[Records for the task]
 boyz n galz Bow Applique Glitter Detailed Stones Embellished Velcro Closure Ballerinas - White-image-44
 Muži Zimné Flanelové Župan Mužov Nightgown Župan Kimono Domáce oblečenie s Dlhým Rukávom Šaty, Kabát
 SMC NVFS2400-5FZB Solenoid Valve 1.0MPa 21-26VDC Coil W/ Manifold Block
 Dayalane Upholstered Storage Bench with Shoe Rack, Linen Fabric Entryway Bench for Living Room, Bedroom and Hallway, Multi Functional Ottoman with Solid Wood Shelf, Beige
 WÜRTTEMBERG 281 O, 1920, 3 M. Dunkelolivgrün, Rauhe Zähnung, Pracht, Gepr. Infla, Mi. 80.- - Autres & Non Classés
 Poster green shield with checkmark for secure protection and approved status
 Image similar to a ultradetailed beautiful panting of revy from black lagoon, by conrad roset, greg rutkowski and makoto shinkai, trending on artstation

...

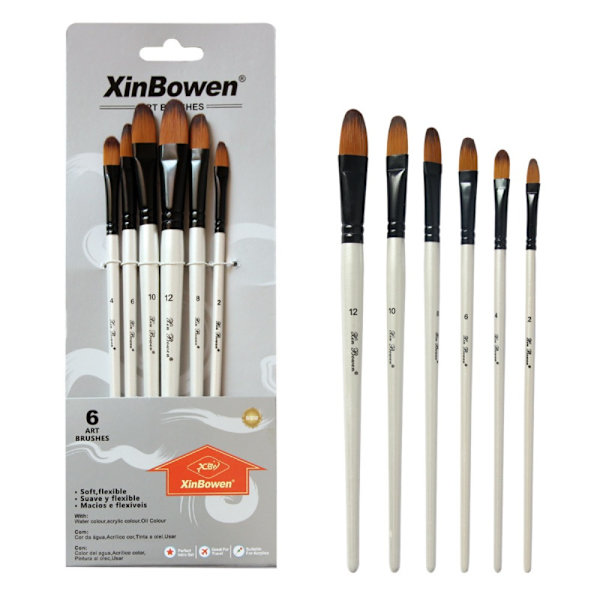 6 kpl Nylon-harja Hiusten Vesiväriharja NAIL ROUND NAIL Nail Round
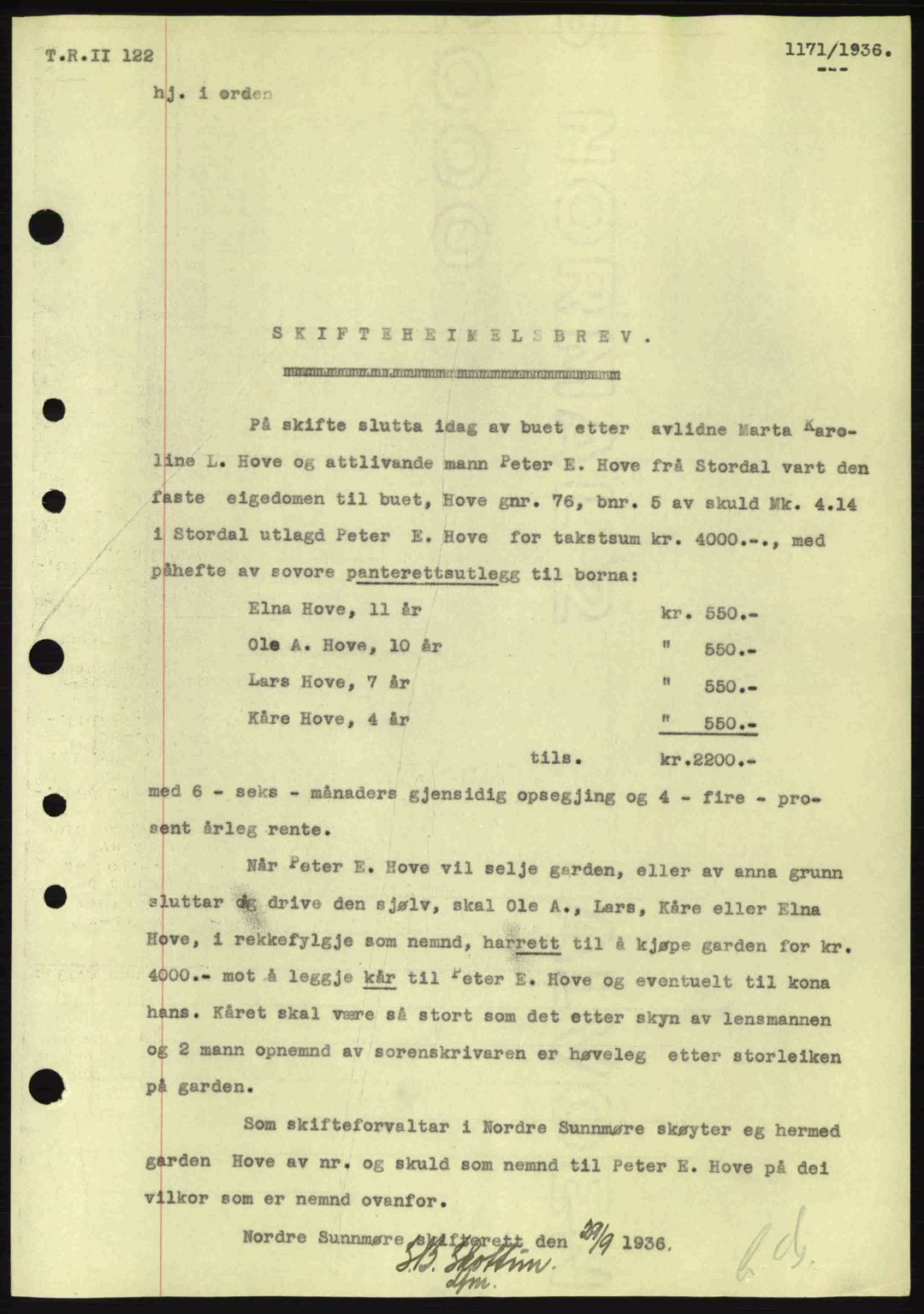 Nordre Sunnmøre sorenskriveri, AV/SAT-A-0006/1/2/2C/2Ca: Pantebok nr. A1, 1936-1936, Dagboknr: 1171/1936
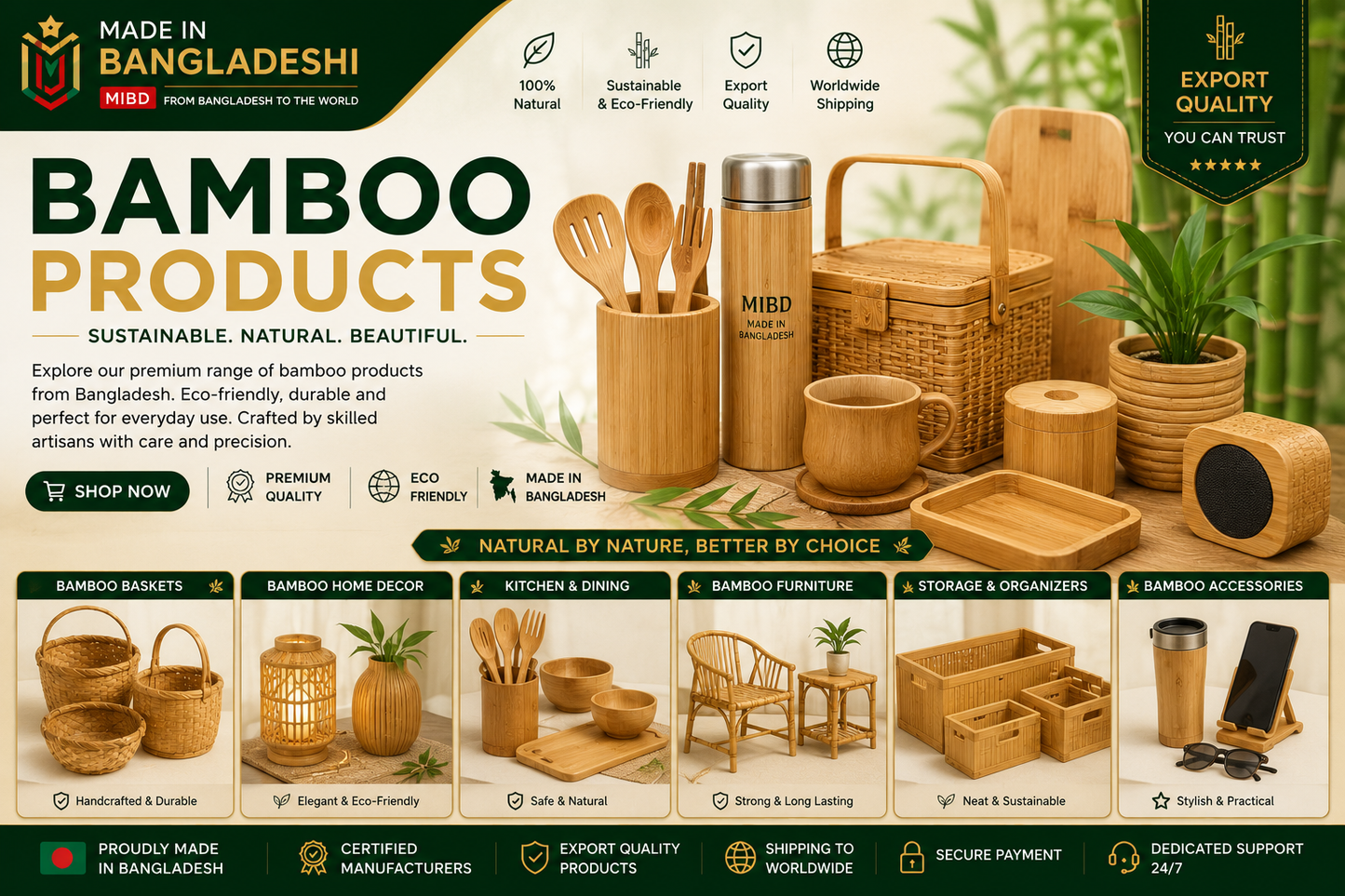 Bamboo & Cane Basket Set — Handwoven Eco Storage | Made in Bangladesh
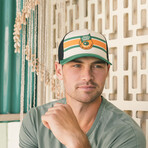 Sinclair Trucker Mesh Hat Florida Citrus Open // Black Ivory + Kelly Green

[Exercise goal] Copy out every line from the data above that has "with" in it.

[Exercise result]
 Dayalane Upholstered Storage Bench with Shoe Rack, Linen Fabric Entryway Bench for Living Room, Bedroom and Hallway, Multi Functional Ottoman with Solid Wood Shelf, Beige
 Poster green shield with checkmark for secure protection and approved status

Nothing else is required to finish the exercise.